The Australian Competition and Consumer Commission is working with the Office of the Australian Information Commissioner and the Data Standards Body in the development and implementation of the CDR.
8. Cryptocurrency, digital currency and the possibility of an eAUD?
While the phenomenon of cryptocurrencies has passed, regulators are still grappling with the task of how to treat different types of cryptocurrency, differentiating between a store of value, medium of exchange or unit of account. The RBA, collectively, views cryptocurrency, security tokens and utility tokens as ‘crypto-assets’ rather than money.
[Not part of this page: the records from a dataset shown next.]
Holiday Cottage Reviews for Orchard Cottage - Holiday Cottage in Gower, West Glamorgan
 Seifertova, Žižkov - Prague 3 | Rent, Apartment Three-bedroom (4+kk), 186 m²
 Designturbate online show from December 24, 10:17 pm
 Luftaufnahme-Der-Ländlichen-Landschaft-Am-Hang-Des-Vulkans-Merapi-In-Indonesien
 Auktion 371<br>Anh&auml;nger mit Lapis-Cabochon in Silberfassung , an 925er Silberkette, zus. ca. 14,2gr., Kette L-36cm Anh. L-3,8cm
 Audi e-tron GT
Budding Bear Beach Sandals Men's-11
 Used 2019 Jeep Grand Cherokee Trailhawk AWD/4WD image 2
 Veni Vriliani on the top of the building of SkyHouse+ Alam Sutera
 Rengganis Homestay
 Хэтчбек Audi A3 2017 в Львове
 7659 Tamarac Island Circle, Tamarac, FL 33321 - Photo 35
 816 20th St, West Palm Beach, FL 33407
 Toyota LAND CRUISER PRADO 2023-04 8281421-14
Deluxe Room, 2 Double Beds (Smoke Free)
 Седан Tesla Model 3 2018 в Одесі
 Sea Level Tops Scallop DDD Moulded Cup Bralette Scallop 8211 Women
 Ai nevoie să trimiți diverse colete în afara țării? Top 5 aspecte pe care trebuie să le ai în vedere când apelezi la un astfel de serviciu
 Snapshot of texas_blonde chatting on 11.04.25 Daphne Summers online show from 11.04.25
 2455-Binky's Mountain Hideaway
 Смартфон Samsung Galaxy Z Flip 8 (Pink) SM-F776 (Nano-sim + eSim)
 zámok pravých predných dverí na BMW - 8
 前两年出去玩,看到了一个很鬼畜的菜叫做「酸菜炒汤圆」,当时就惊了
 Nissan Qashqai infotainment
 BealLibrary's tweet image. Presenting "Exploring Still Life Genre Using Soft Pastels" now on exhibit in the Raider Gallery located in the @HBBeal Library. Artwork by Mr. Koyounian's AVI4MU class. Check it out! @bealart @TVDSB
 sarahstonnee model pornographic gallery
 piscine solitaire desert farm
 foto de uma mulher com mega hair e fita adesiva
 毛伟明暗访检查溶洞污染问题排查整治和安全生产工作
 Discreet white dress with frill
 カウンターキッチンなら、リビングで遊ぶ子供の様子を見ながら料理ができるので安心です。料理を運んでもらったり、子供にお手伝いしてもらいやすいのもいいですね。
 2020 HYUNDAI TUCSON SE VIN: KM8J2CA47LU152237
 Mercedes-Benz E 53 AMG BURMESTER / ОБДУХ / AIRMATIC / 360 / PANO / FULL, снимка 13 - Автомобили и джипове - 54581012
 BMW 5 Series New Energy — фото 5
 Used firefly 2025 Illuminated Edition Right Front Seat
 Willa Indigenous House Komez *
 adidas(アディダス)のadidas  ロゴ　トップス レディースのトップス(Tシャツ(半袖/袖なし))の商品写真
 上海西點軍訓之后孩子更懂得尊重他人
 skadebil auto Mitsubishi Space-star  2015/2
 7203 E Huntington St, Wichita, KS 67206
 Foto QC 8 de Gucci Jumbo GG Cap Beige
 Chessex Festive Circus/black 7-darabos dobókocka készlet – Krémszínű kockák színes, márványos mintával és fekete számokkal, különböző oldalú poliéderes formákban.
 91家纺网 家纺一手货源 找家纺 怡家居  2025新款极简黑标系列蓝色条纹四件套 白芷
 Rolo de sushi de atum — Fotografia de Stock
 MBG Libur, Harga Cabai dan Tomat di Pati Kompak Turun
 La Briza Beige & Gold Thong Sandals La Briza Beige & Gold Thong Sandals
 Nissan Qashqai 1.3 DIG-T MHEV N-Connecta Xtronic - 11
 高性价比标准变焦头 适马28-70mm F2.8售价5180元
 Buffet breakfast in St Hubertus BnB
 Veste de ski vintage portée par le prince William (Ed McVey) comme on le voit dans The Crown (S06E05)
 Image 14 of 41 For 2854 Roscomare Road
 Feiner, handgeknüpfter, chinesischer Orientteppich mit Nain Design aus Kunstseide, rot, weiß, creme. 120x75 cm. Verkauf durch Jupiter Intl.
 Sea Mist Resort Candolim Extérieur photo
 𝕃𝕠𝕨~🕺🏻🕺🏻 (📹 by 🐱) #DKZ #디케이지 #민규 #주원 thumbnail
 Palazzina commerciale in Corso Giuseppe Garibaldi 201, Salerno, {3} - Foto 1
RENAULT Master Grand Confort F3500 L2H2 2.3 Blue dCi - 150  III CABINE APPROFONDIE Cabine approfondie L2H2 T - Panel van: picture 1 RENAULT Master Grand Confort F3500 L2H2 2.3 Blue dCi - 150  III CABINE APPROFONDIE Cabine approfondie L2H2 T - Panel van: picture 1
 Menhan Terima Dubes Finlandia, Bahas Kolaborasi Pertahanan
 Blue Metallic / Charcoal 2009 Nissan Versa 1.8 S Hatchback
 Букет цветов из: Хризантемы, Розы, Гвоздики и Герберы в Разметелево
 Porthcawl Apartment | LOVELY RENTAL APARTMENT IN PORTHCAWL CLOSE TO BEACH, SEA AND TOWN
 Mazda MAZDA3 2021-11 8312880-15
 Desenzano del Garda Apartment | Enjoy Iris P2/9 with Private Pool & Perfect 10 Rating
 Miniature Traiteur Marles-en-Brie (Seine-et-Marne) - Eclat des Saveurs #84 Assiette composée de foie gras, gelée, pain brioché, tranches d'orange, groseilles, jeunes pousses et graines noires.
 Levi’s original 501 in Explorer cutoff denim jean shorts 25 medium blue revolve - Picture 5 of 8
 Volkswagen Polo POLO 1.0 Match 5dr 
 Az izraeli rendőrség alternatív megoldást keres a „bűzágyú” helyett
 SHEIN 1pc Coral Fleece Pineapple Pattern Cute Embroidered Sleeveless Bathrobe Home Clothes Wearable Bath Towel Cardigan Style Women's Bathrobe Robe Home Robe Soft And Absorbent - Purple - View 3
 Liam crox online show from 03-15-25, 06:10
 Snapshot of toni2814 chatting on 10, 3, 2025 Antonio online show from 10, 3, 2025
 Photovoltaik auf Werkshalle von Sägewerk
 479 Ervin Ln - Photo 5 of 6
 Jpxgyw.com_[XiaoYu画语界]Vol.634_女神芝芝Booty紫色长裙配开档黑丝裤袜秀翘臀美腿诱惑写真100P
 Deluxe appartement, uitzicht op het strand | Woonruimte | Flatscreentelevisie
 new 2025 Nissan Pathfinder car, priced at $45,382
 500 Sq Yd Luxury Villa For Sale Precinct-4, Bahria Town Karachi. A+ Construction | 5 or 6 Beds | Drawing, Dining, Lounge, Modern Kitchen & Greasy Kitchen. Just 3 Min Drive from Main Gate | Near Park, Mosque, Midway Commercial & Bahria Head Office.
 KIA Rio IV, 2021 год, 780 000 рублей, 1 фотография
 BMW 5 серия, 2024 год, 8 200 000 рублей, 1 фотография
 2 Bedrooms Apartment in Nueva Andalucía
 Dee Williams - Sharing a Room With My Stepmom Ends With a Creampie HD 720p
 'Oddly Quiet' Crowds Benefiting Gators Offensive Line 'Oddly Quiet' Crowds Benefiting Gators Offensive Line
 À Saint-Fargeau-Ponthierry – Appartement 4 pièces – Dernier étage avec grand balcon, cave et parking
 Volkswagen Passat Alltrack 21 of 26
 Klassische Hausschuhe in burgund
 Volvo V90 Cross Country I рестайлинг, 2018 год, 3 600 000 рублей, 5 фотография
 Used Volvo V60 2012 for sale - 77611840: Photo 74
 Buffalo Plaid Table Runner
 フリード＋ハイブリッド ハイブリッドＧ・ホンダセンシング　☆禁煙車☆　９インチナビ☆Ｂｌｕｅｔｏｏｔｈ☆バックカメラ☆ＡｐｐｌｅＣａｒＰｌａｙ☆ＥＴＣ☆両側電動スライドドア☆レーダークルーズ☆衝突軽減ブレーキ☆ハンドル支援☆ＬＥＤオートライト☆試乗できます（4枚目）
However this can be misleading.11 The term ‘crypto-asset’ implies that the digital token is an asset, which the Australian Securities and Investments Commission has determined will be deemed to be a financial product should it have characteristics of a security, debenture or managed investment scheme.12
The Governor of the RBA, Philip Lowe, addressed the 2017 Australian Payment Summit indicating that the RBA had no immediate plans to issue an electronic form of Australian dollar banknotes, or ‘eAUD’, on the basis that it was unlikely to pass the public interest test.13 However, more recently, the RBA has been considering whether there is a role for the possible issuance of electronic forms of banknotes, or a central bank digital currency.
At this stage, the RBA is currently of the view that there is not a strong case for this. However, it will continue to monitor and review developments.14
2020 is set to be an exciting and interesting time in Australian payments. Given the unprecedented changes that we are currently experiencing, it is hard to predict what exactly will happen. However the developments we have outlined above are some of the important areas to watch over the coming year.